▼ わんこ×無関心


――ポチ、今日の合コン来いよ。

――合コン?俺は行かないよー、放課後はタマちゃんと過ごすの。

――んだよ、たまには合コンでも参加してタマにヤキモチ妬かせろよ。

――ヤキモチ?

――そ、上手くいけばタマが沢山構ってくれるかもしれないぞ?



タマちゃんが……沢山……



――――――――――



「タマちゃん!タマちゃん!俺、今日の放課後は満達と合コン行って来る!」

「ポチが……合コン?」

「うん!!」



俺は今、大好きなタマちゃんに『ポチは合コン行っちゃうぞ☆妬いて構って抱きしめて!作戦』を決行中である。
タマちゃんって言うのは、俺の大切な人で……今はまだお友達だけど、将来は俺のお嫁さんになる人!!
あ、でもタマちゃんは身長188?くらいあったから、俺がお嫁さんかも!!
俺は身長175cmだし。
とにかく、タマちゃんがずっと一緒なら何でも良い。
俺は皆から犬みたいって言われるから、あだ名がポチになった。
ポチって呼ばれるのは嫌じゃないし、どうせならタマちゃんとセットみたいにしたいって事でタマちゃんはタマちゃんになった。
俺達は、あだ名もラブラブ。
だけどタマちゃんは少し……いや、かなりの無関心ちゃんだから、俺は構ってもらおうと必死なのです。
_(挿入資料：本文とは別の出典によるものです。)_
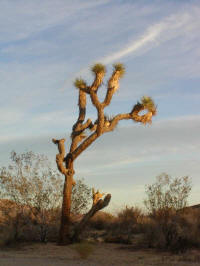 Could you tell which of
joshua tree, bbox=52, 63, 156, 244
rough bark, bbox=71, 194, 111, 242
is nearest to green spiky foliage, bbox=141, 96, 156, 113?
joshua tree, bbox=52, 63, 156, 244

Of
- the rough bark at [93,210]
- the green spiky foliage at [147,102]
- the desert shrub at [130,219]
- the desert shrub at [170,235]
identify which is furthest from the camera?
the desert shrub at [130,219]

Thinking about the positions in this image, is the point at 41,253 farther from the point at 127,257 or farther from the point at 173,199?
the point at 173,199

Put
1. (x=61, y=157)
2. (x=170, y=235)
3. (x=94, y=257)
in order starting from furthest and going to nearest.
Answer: (x=61, y=157) → (x=170, y=235) → (x=94, y=257)

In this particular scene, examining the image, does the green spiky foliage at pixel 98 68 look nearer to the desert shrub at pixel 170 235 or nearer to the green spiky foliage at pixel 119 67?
the green spiky foliage at pixel 119 67

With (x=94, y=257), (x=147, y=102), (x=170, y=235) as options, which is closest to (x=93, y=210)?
(x=94, y=257)

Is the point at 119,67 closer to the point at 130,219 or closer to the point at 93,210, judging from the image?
the point at 93,210

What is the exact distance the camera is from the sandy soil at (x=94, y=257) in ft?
42.4

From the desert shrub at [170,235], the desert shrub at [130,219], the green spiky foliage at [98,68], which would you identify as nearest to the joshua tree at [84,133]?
the green spiky foliage at [98,68]

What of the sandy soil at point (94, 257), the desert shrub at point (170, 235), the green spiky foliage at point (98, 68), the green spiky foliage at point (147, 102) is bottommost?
the sandy soil at point (94, 257)

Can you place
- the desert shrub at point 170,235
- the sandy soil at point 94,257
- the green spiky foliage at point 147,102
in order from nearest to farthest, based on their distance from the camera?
the sandy soil at point 94,257 → the desert shrub at point 170,235 → the green spiky foliage at point 147,102

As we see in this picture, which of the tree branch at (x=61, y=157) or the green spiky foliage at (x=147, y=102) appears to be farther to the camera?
the green spiky foliage at (x=147, y=102)

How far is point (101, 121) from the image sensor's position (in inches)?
666

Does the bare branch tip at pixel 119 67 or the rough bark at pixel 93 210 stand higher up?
the bare branch tip at pixel 119 67

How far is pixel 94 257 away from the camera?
14656mm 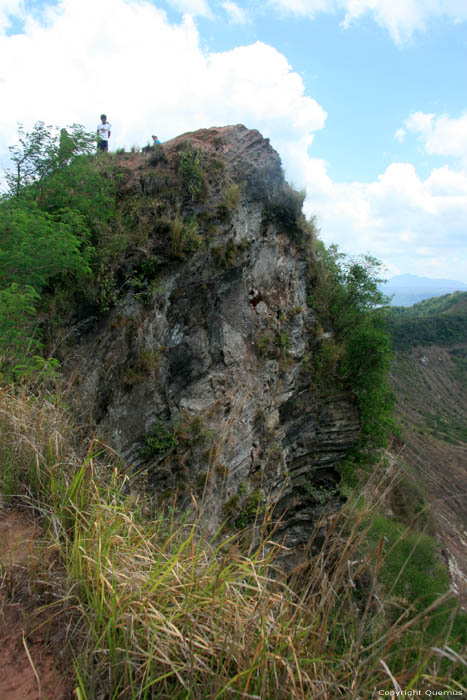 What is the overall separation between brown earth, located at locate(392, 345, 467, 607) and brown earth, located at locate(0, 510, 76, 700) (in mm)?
18462

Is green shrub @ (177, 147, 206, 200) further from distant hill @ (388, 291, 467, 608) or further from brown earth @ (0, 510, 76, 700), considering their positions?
distant hill @ (388, 291, 467, 608)

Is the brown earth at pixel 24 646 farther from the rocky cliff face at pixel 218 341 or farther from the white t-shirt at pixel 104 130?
the white t-shirt at pixel 104 130

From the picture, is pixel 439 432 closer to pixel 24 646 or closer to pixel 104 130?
pixel 104 130

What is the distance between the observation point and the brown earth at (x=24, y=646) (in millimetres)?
1503

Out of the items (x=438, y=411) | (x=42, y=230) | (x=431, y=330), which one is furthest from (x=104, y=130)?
(x=431, y=330)

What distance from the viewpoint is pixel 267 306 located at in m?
10.3

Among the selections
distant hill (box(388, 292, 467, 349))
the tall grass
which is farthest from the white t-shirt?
distant hill (box(388, 292, 467, 349))

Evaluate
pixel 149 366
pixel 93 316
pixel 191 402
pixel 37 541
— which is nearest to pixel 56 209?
pixel 93 316

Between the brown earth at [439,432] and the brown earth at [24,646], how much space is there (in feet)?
60.6

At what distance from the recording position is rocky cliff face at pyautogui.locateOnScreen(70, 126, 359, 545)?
306 inches

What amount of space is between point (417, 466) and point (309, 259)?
1261 inches

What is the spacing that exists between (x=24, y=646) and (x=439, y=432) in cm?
5128

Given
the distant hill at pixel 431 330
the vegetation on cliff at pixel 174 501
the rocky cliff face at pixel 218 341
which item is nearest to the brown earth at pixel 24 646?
the vegetation on cliff at pixel 174 501

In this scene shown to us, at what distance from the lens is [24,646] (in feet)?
Answer: 5.34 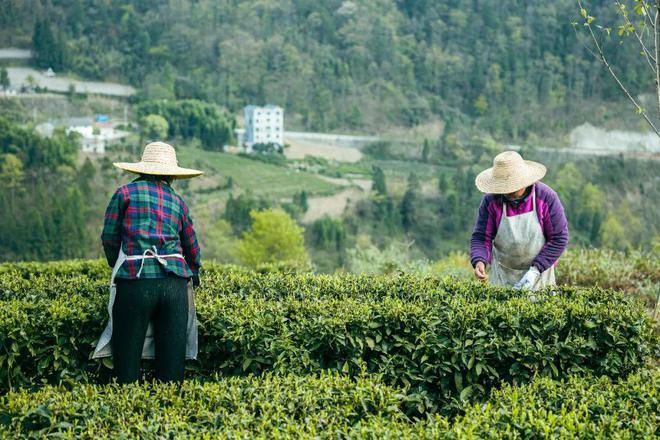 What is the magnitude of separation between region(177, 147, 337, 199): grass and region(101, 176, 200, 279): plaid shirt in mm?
25372

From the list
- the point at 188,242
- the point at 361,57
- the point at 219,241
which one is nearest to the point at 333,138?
Result: the point at 361,57

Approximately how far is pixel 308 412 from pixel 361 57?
117ft

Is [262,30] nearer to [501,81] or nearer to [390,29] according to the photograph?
[390,29]

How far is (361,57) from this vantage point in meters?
37.7

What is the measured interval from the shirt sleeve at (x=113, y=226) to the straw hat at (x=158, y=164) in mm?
197

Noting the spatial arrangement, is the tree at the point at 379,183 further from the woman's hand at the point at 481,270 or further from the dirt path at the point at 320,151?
the woman's hand at the point at 481,270

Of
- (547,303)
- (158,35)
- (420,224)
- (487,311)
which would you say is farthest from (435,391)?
(158,35)

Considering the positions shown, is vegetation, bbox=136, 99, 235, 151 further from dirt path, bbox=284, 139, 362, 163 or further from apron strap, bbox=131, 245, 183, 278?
apron strap, bbox=131, 245, 183, 278

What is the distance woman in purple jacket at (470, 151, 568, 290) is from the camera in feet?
15.8

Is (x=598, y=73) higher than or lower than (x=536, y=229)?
higher

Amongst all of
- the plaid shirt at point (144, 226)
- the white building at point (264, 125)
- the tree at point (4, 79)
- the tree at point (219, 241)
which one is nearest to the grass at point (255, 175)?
the white building at point (264, 125)

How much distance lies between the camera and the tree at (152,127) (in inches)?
1181

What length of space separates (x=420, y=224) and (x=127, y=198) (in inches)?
1098

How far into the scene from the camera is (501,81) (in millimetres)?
38531
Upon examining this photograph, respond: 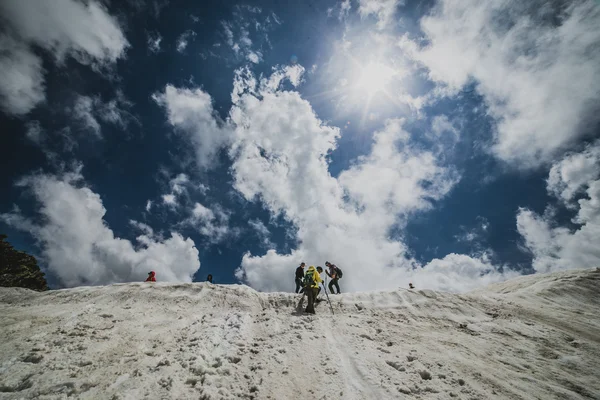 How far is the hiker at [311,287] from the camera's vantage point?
11.4 meters

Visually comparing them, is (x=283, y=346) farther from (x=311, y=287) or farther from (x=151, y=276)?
(x=151, y=276)

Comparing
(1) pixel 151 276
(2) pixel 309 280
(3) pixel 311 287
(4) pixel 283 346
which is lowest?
(4) pixel 283 346

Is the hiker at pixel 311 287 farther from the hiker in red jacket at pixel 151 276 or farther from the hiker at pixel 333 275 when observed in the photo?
the hiker in red jacket at pixel 151 276

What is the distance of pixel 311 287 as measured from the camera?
38.5 feet

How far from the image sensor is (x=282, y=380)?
20.2 ft

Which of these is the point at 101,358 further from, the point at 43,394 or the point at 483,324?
the point at 483,324

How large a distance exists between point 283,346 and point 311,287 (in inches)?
157

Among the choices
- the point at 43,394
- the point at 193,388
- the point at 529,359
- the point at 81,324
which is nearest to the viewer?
the point at 43,394

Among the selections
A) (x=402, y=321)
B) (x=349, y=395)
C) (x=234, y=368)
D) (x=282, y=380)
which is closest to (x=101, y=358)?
(x=234, y=368)

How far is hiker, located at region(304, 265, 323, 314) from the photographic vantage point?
37.3ft

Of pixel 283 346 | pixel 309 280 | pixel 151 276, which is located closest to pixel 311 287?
pixel 309 280

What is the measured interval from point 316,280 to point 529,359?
26.0 feet

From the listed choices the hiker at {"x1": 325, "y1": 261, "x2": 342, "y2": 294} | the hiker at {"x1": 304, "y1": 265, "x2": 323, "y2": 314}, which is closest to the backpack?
the hiker at {"x1": 304, "y1": 265, "x2": 323, "y2": 314}

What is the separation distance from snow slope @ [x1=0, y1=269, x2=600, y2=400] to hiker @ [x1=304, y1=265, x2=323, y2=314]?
67cm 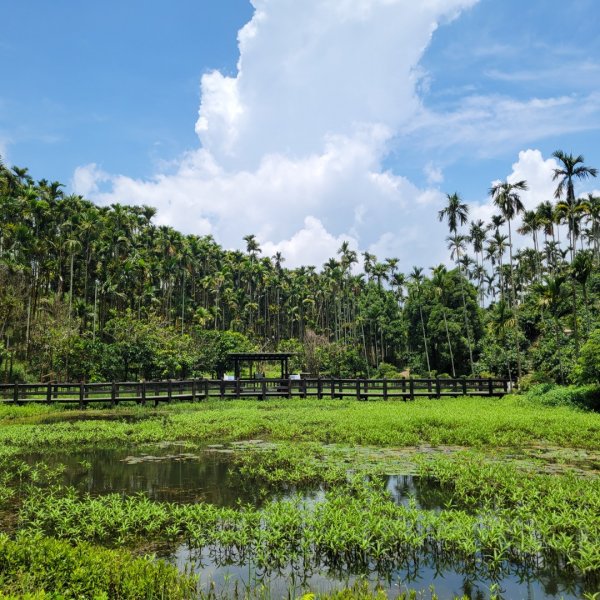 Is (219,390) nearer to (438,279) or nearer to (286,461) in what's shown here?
(286,461)

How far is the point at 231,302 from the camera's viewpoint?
79.0 m

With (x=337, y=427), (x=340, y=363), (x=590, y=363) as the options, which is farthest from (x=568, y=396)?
(x=340, y=363)

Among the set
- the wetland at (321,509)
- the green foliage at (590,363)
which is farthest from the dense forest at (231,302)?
the wetland at (321,509)

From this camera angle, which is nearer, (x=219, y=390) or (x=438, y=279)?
(x=219, y=390)

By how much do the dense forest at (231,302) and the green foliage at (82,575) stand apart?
20962 mm

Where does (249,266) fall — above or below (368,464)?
above

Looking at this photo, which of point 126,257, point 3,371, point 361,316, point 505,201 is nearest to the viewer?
point 505,201

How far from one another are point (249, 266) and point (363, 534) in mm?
81082

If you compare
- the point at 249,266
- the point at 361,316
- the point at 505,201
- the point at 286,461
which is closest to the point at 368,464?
the point at 286,461

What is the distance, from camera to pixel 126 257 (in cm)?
5925

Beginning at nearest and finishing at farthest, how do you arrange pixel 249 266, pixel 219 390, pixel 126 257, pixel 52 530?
1. pixel 52 530
2. pixel 219 390
3. pixel 126 257
4. pixel 249 266

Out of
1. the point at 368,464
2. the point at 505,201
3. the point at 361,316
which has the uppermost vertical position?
the point at 505,201

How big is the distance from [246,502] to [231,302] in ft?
232

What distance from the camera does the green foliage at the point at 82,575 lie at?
16.8 feet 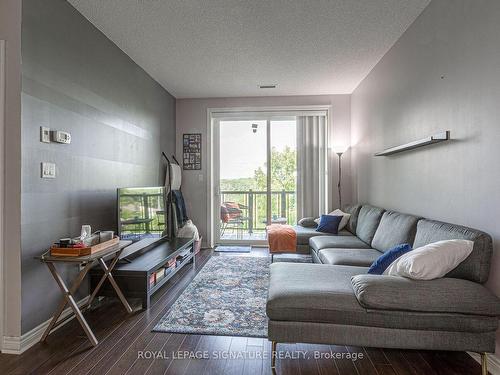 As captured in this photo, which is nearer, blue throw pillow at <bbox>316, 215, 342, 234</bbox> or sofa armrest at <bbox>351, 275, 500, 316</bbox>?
sofa armrest at <bbox>351, 275, 500, 316</bbox>

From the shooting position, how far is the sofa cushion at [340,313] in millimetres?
1642

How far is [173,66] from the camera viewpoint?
3877 millimetres

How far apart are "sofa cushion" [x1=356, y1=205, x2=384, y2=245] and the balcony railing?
1.72 meters

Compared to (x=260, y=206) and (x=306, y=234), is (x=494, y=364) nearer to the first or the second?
(x=306, y=234)

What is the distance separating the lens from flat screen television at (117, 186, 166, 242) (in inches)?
114

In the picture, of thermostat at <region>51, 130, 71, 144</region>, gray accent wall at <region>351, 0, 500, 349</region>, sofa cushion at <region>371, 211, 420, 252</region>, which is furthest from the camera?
sofa cushion at <region>371, 211, 420, 252</region>

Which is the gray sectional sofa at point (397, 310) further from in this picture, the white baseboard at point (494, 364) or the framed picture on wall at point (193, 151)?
the framed picture on wall at point (193, 151)

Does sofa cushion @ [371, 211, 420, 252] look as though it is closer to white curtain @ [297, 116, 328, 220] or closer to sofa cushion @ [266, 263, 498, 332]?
sofa cushion @ [266, 263, 498, 332]

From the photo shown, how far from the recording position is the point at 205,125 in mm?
Answer: 5316

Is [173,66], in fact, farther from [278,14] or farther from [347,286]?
[347,286]

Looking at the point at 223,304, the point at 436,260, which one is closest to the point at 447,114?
the point at 436,260

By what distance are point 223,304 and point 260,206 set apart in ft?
9.61

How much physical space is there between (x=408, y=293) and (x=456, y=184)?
1.02 m

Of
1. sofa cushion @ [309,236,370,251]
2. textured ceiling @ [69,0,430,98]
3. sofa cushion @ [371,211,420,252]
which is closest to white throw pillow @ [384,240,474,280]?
sofa cushion @ [371,211,420,252] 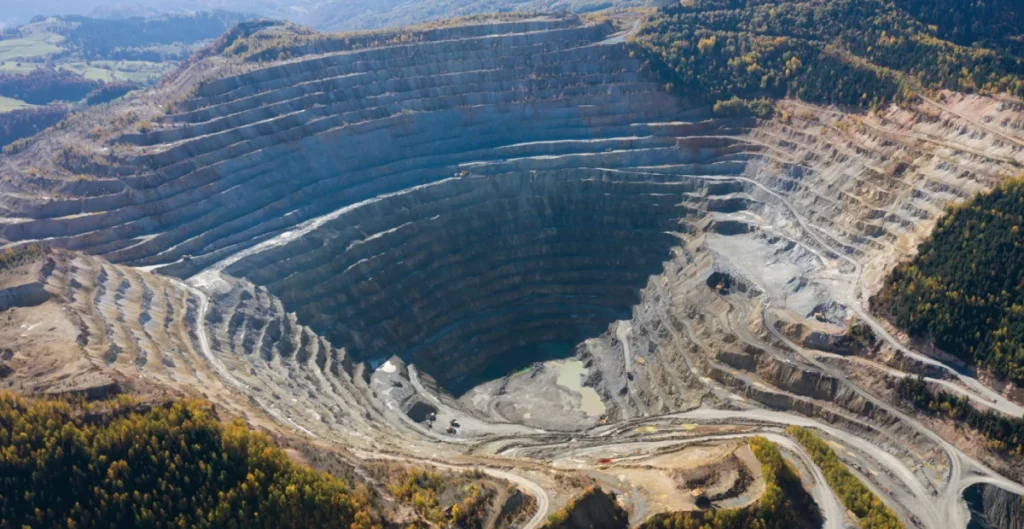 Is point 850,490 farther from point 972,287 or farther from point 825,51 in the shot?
point 825,51

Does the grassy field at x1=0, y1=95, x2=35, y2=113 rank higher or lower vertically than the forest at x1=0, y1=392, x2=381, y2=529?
higher

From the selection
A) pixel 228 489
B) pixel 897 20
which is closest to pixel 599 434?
pixel 228 489

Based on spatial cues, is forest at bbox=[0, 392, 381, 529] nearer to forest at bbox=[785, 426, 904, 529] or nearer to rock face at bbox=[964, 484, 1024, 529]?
forest at bbox=[785, 426, 904, 529]

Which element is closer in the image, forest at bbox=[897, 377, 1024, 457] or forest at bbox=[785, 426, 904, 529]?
forest at bbox=[785, 426, 904, 529]

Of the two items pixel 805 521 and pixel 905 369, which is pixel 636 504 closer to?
pixel 805 521

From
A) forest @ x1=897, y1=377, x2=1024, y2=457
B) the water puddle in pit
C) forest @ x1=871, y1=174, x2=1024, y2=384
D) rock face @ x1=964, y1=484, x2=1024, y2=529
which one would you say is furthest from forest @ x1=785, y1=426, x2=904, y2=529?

「あのね、合コンって女の子がいっぱい来てね、お菓子食べるの!で、満がポチならすぐに人気者でモッテモテになれるよって言ってた!」

「お菓子って…………まぁ、良いか。確かにポチならモテモテだろうな。顔は整ってる訳だし。」

「でしょ?女の子が沢山居ると、俺が取られちゃうよ?タマちゃんピンチだよピンチ!」



だからね、『駄目!行くな!』って言ってよタマちゃん。
そしたら絶対、絶対行かないから。



「ふーん、楽しんで来いよ。」

「…………………………え?」

「ポチが居ないなら久しぶりに本屋寄って帰るか。」

「……タマちゃん……駄目って言わないの?」

「駄目?……なんで?」

「……だ、だって女の子沢山で、取られちゃうんだよ?」

「良い事だろ、それは。」

「っ……!!」



タマちゃんは……俺が女の子に取られても、気にならないんだ……



放課後の計画を、普段より楽しそうに立てるタマちゃんを見て、『満の嘘吐き、後で噛み付いてやる!!』と、心の中で呟きながら少しだけ泣きたくなった。



――――――――――



「タマちゃん……俺も帰る。」

「は……?合コンは?」

「……女の子が不細工だから止めた。」

「不細工って…………まだ会ってないだろ。」

「……満、ブス専だもん!!」

「……お前なあ……」



タマちゃんが呆れたのが分かった。
放課後の計画が駄目になって、残念がっている事も…………
だけど、行きたくないものは仕方がない。
女の子が不細工かは正直分からないけれど、最初から行く気もなかったし、妬いてもらえないなら、尚更行く意味など無い。



「帰る。タマちゃんと一緒に帰る。……本屋も静かにするから大丈夫……」



だから、一緒に帰ろ?
俺は女の子より、満より、タマちゃんが良い。



「ポチ、満に何て言われたかは……だいたい想像がつく。でもな、それ、無意味だから。」

「っ!!……た、タマちゃんは……俺の事、嫌い?必要ないの?……だから、合コン行っても気にならない?」



無意味……タマちゃんは、きっと全部気付いてるんだ……



そう思ったら、『無意味』と言う言葉が酷く重たく感じた。



「………………ごめんなさい。」



構って欲しかっただけなんだ。
タマちゃんの気を引きたかったんだ……
馬鹿な事考えてごめんなさい。
満を信じてごめんなさい。
お願いだから、捨てないで……



「ポチ、お前は忠犬だから、俺を好きなの丸分かりなんだよ。……あんな構ってオーラ全開でヤキモチ妬かせようなんて、無理な話しだろ。んな捨てられた子犬みたいになるなよ。ホラ、一緒に帰るんだろ?」

「……っう、うん!!帰る!!」



ヤキモチを妬いてくれないのは、関心が無いからじゃ無くて、俺の愛がタマちゃんに届いてるからなんだよ。って事らしい。
それはそれで、最高に嬉しいじゃないか!!



俺は先程までとは打って変わり、嬉々としてタマちゃんの後を追った。



そして忠犬ポチ公は、今日もタマちゃんに全力で愛を捧げます。